1999 constitution: Senate considers 35 years for President, local government autonomy, 31 other amendments


The Senate has received the 33-item report on the fourth review of the 1999 Constitution of Nigeria.

The report tabled at the Red Chambers on Tuesday by Deputy Senate President, Ike Ekweremadu, proposes amendments which include reducing the powers of the FG in the exclusive legislative list, financial autonomy for local government and state legislature; and downward review of the minimum age for elective public officers, among others.

The report on constitution amendment bill was presented on Tuesday by the Deputy Senate President, Ike Ekweremadu.

The alteration bill appears to resolve the #NotTooYoungToRun campaign.

The bill now proposes 35 as the minimum age for the office of the President and being elected to the Senate; and 25 for the House of Representatives.

While the proposal calls for devolution of power to the states, by reviewing the content of the exclusive list, it fails to review the country’s revenue sharing system and power to control resources in various states.



The bill also seeks constitutional provision to compel president and governors to submit list of ministers and commissioners respectively, with portfolios and 35 per cent affirmative action for women, within 30 days of inauguration.

The bill also seeks to ensure that minister for the Federal Capital Territory is appointed from one of the six area councils that constitute Abuja, so that that FCT will be represented in the Federal Executive Council.

In seeking autonomy for local government areas, it proposes that only democratically elected councils can directly receive allocations from the federation accounts.
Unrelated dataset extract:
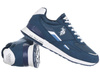 BUTY U.S. POLO ASSN. - TABRY003B-BLU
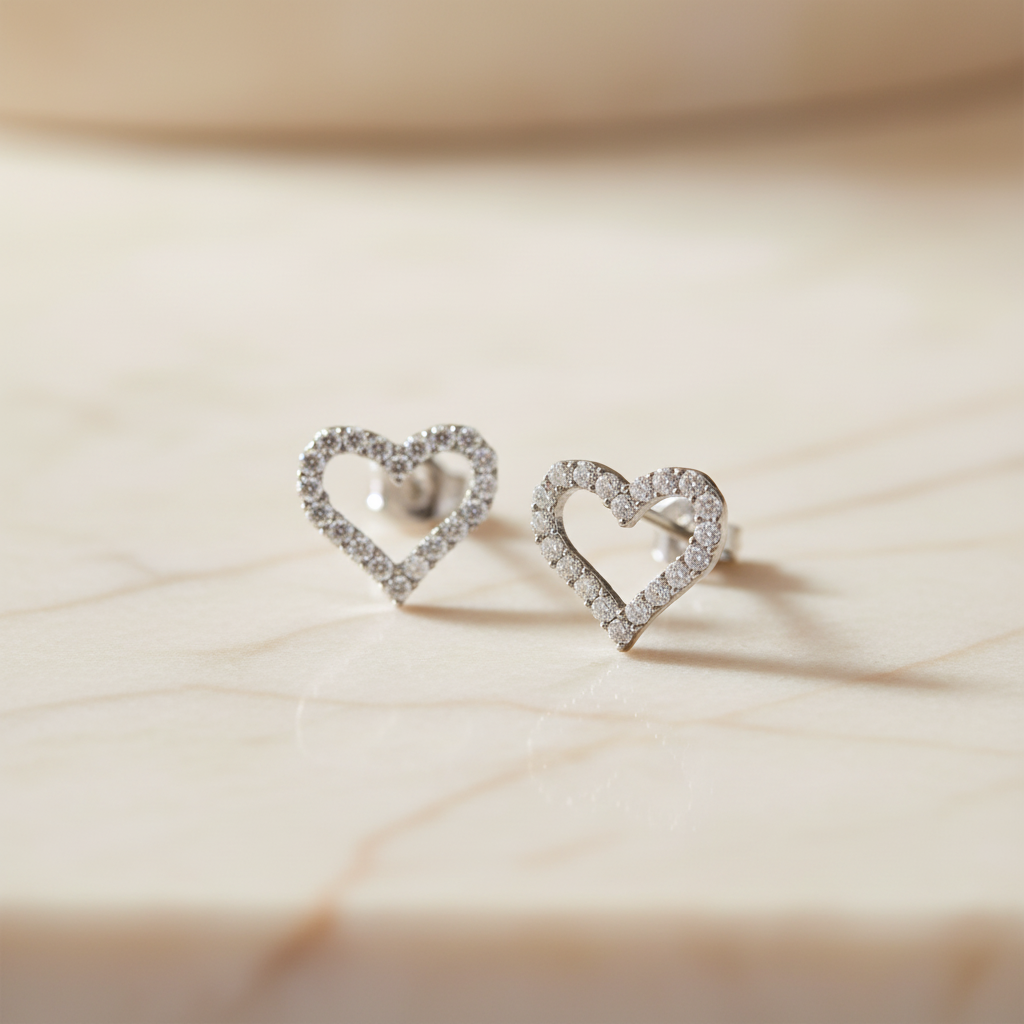 大理石背景 5 - 奶油色大理石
In effect, the bill intends to abrogate state-LG joint-account system.

Originally, Ekweremadu’s report had 32 items. But Dino Melaye (APC-Kogi), added the 33rd item – proposal that the Independent National Electoral Commission (INEC) should conduct local government elections.

“How do we speak of local government autonomy, without addressing the foundation,” argued Melaye.

Also, the bill proposes that “anyone who has been sworn in as president or governor to complete the term of the elected president or governor cannot do more than a single term.”